Ogni volta si è trattato di passare – tutti – da strettoie dolorose, da pensieri che si confondono, da sentimenti feriti, da delusioni e tremori, da rabbia e reazioni; da conversioni necessarie per discernere qual è la perla preziosa per cui vendere tutto. […] Oggi, dopo 10 anni, è tempo di riscrivere la Regola di questa Comunità.

Il percorso fatto insieme ha sgombrato la strada da alcuni ostacoli e timori, la Parola del Signore contemplata e meditata in questi anni ha segnato il nostro passo e aperto scenari inediti. (cfr. Regola della Comunità della Casa, Premessa).

L’approvazione dell’Arcivescovo di Lecce

Finalmente, dopo un lunga attesa e un desiderio coltivato per anni, il 3 novembre 2021 la Comunità della Casa è stata riconosciuta, ad experimentum per tre anni a partire dal 28 novembre 2021, da Mons. Michele Seccia Arcivescovo Metropolita di Lecce come Associazione privata di fedeli.

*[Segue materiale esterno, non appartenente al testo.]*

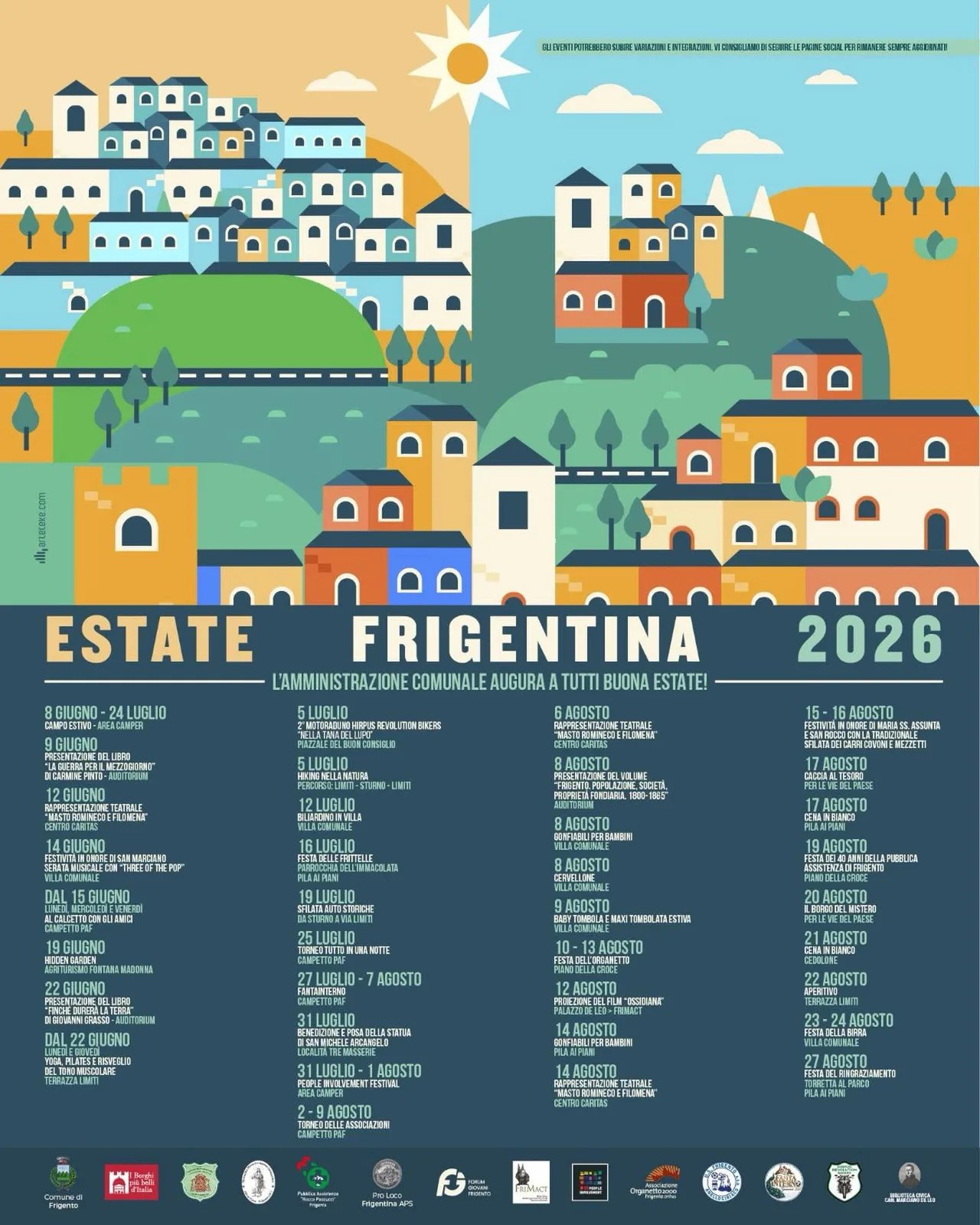 Locandina Festa delle Frittelle 2026 a Frigento (Avellino)
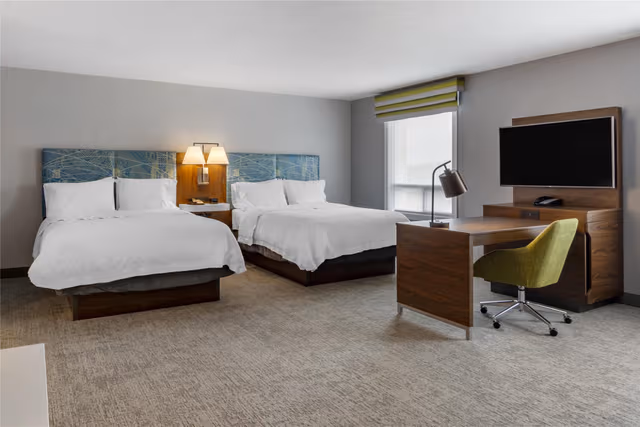 2 QUEEN BEDS NONSMOKING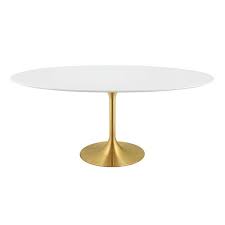 Julien Dining Table Oval Table Dining Dining Table Gold Oval Wood Dining Table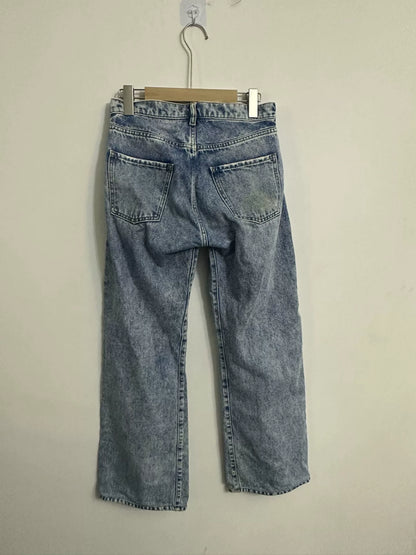 Maison Margiela Blue Wide-Leg Pocket Denim Pants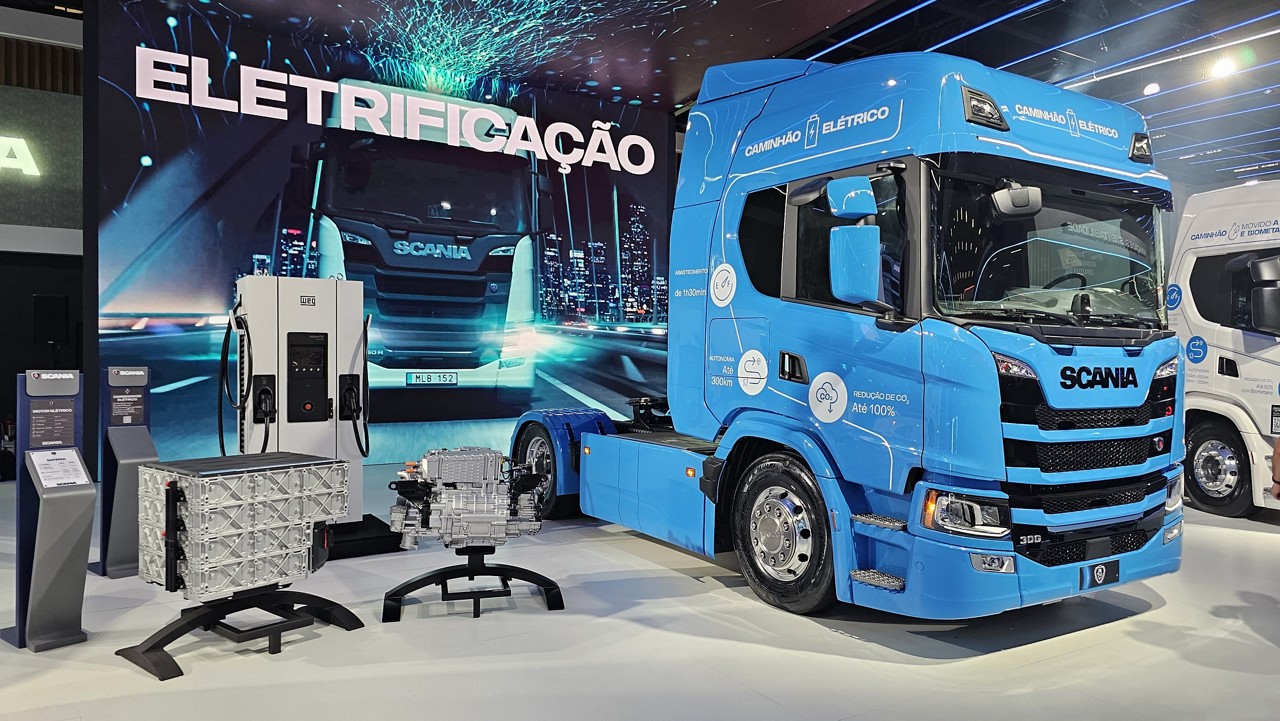 Scania 30 G é o primeiro caminhão elétrico da marca sueca vendido no Brasil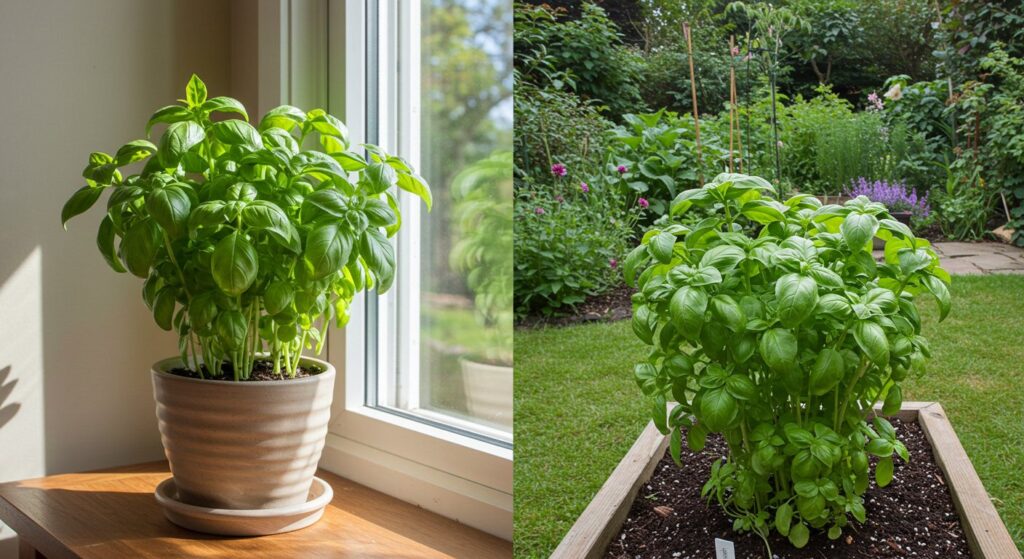 soil for basil indoors
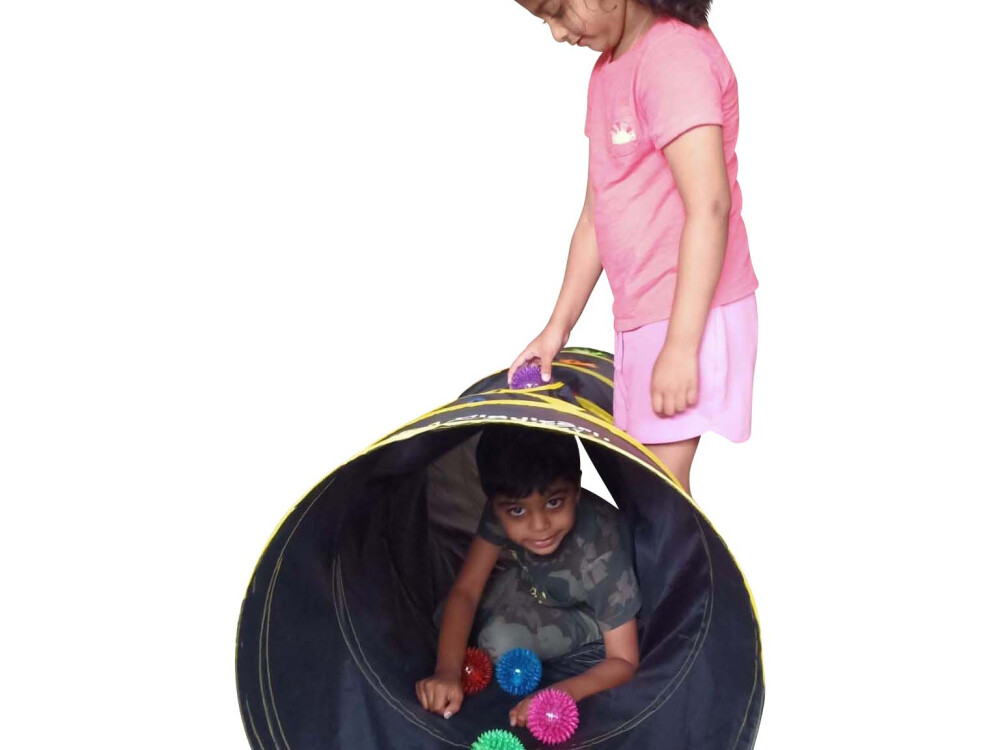 Sensory Pop Up Tunnel With Led Balls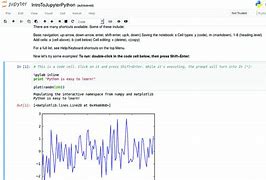 Image result for Jupyter Notebook Examples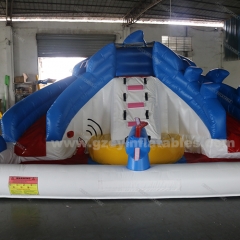 kids inflatable water park slide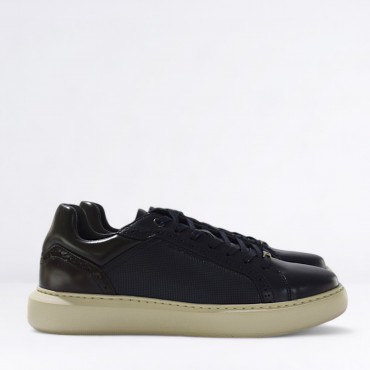 Sneaker in Pelle Col. Blu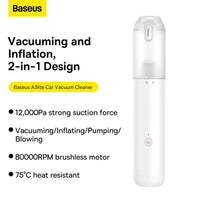 Baseus A3 Lite Car Vacuum Cleaner 100W 12000 Pa
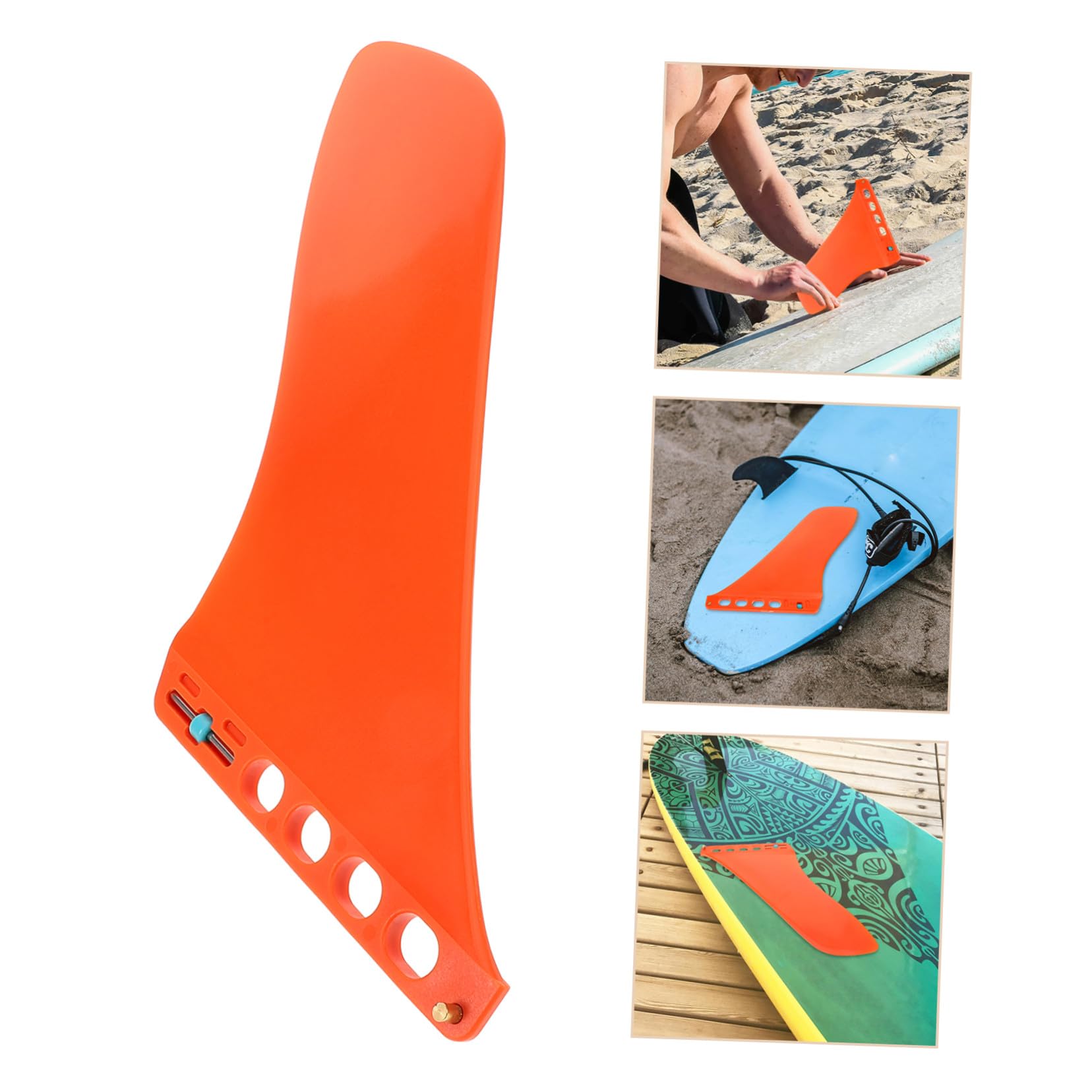 Aileron de Planche de Surf Orange Amovible, Stabilisateur d'eau pour Paddleboard, Diviseur d'eau Profilé en Matériau Robuste, Accessoire de Remplacement pour Planche à Pagaie,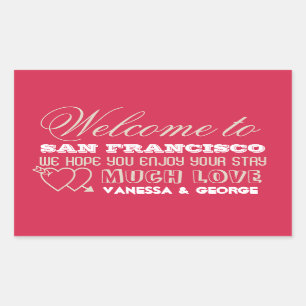 Adesivo Retangular Indie Hearts do tipo vermelho fora da cidade prese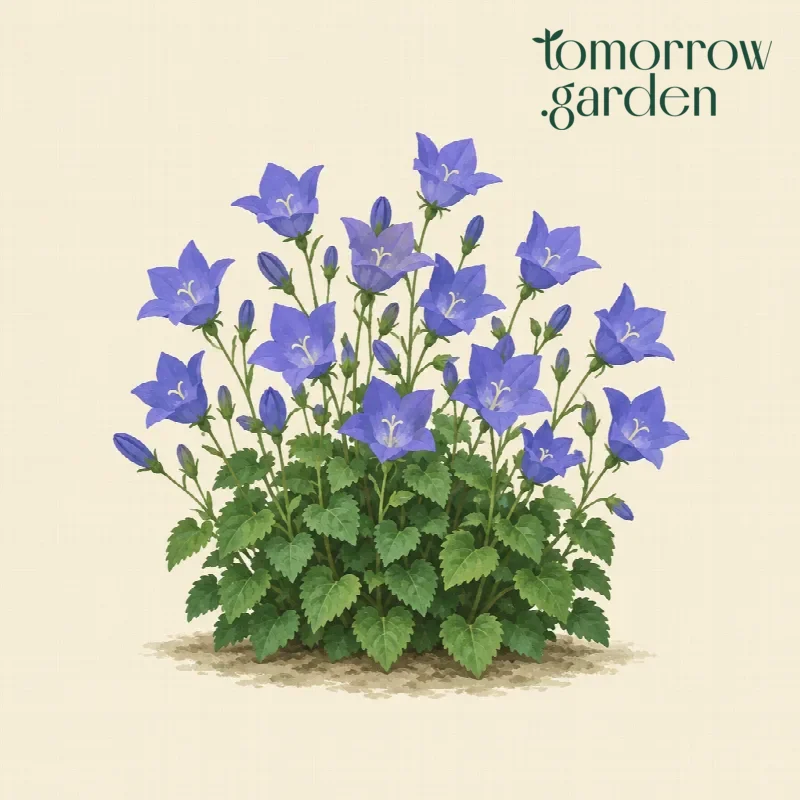 Illustration of Carpathian bellflower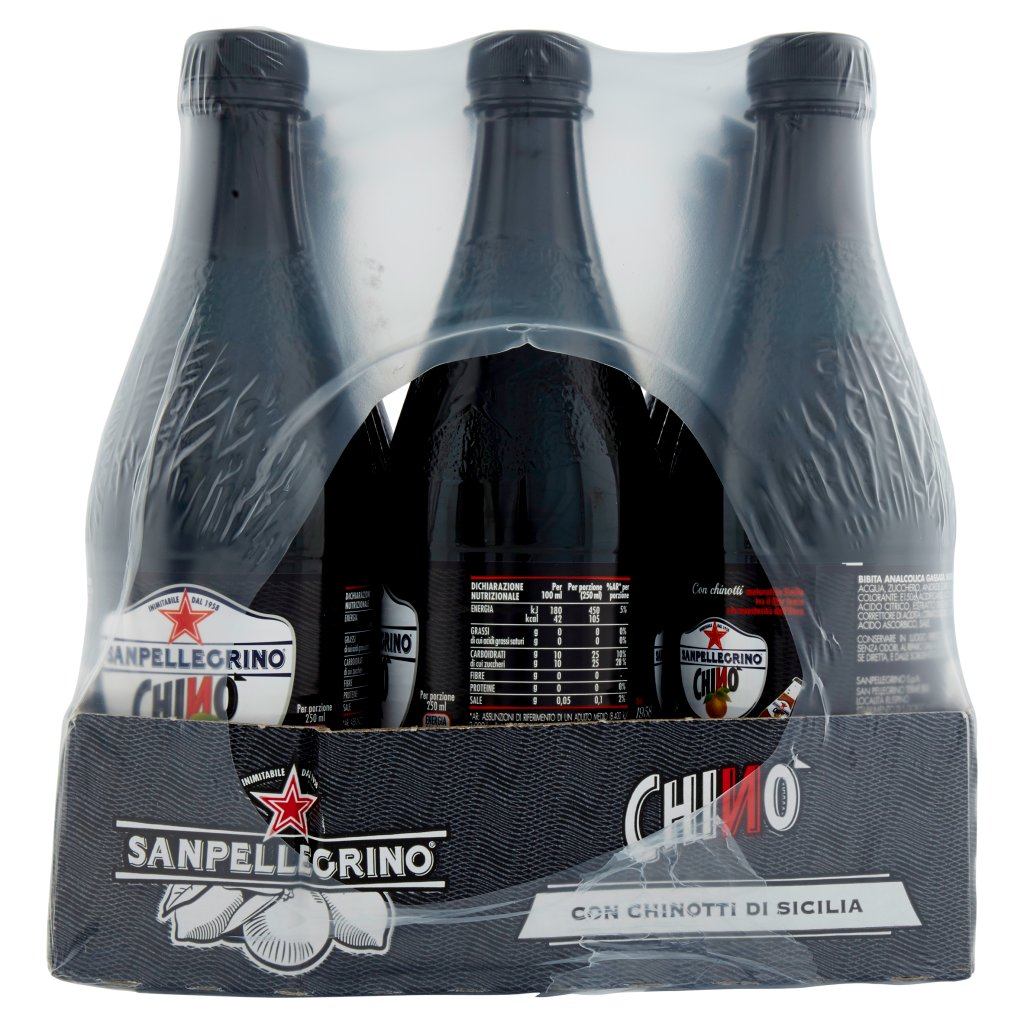 San Pellegrino Bibite Gassate, Chino' 50cl x 12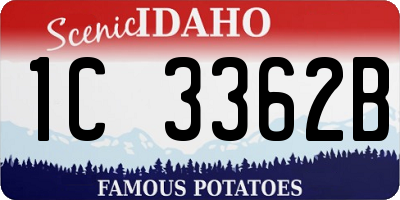ID license plate 1C3362B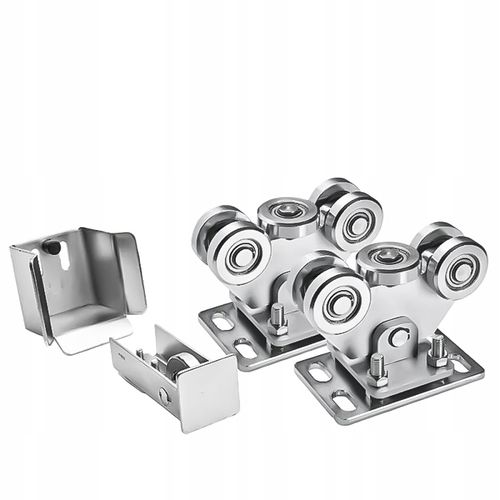 WÓZEK wózki do BRAMY PRZESUWNEJ 80x80 komplet ZESTAW wózków bramowych na Arena.pl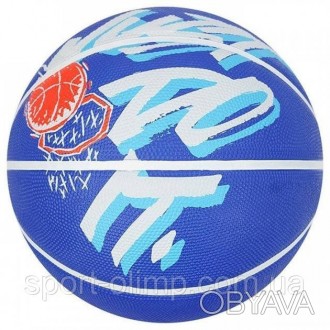 Мяч баскетбольный Nike EVERYDAY PLAYGROUND 8P GRAPHIC DEFLATED синий, белый size. . фото 1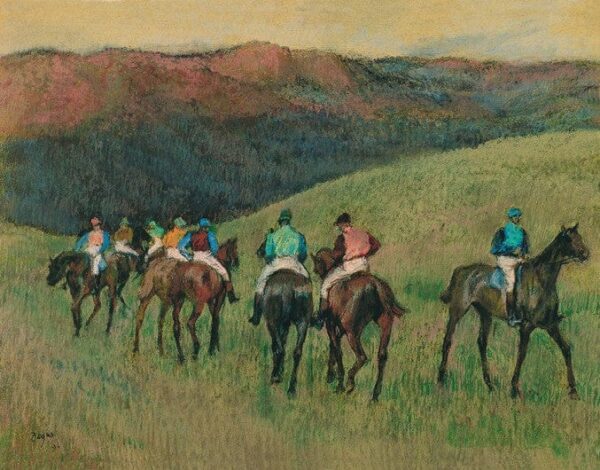 Chevaux de course dans un paysage – Edgar Degas Edgar Degas 85x75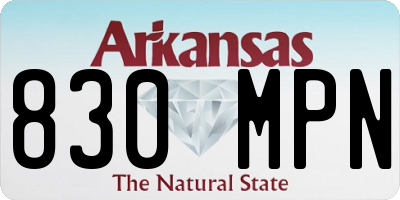 AR license plate 830MPN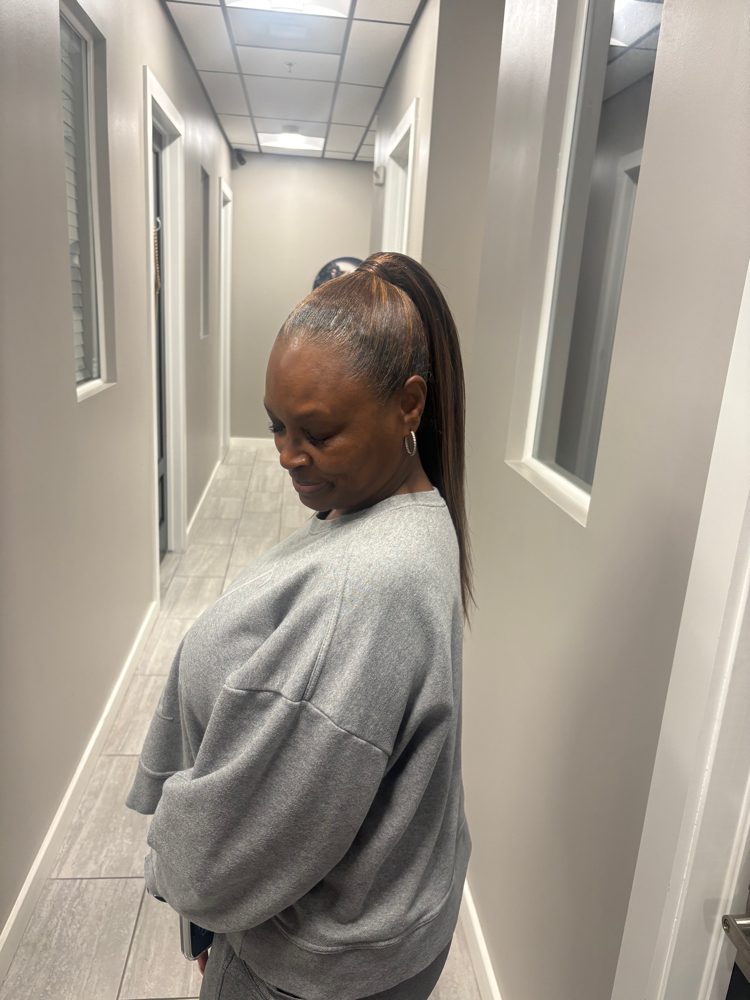 Sleek Ponytail at Do It With T in Euless, TX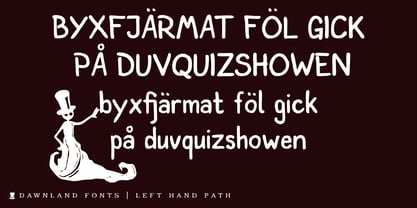 Left Hand Path Font Poster 2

La grande gioia per l’evento si accompagna anche alla responsabilità di essere una Comunità che costruisce ogni giorno la Chiesa. Da quel momento la presenza in diocesi si è fatta più attiva e collaborativa con la partecipazione costante e creativa agli organi istituzionali della diocesi (Pastorale Giovanile, Consulta dei movimenti laicali, Consiglio Pastorale diocesano).

La sede a Campobasso

Nell’agosto del 2021 la Fraternità “Don Bosco–la Riva” di Campobasso comincia un discernimento sulla possibilità di aderire alla Comunità della Casa. Il discernimento si conclude con la decisione di alcuni fratelli di aderire alla Comunità della Casa, presentando alla Fondatrice la domanda di ammissione al noviziato.

Il 10 gennaio 2022 per la prima volta i fratelli di Campobasso partecipano alla Plenaria della Comunità e iniziano il camino di noviziato, mettendo in questo modo le basi per la costituzione di una nuova sede della Comunità a Campobasso. Il 2 gennaio 2023 cinque fratelli di Campobasso fanno la prima promessa di appartenenza alla Comunità della Casa inizia il tempo bello della costruzione di una nuova sede che sarà inaugurata il primo maggio.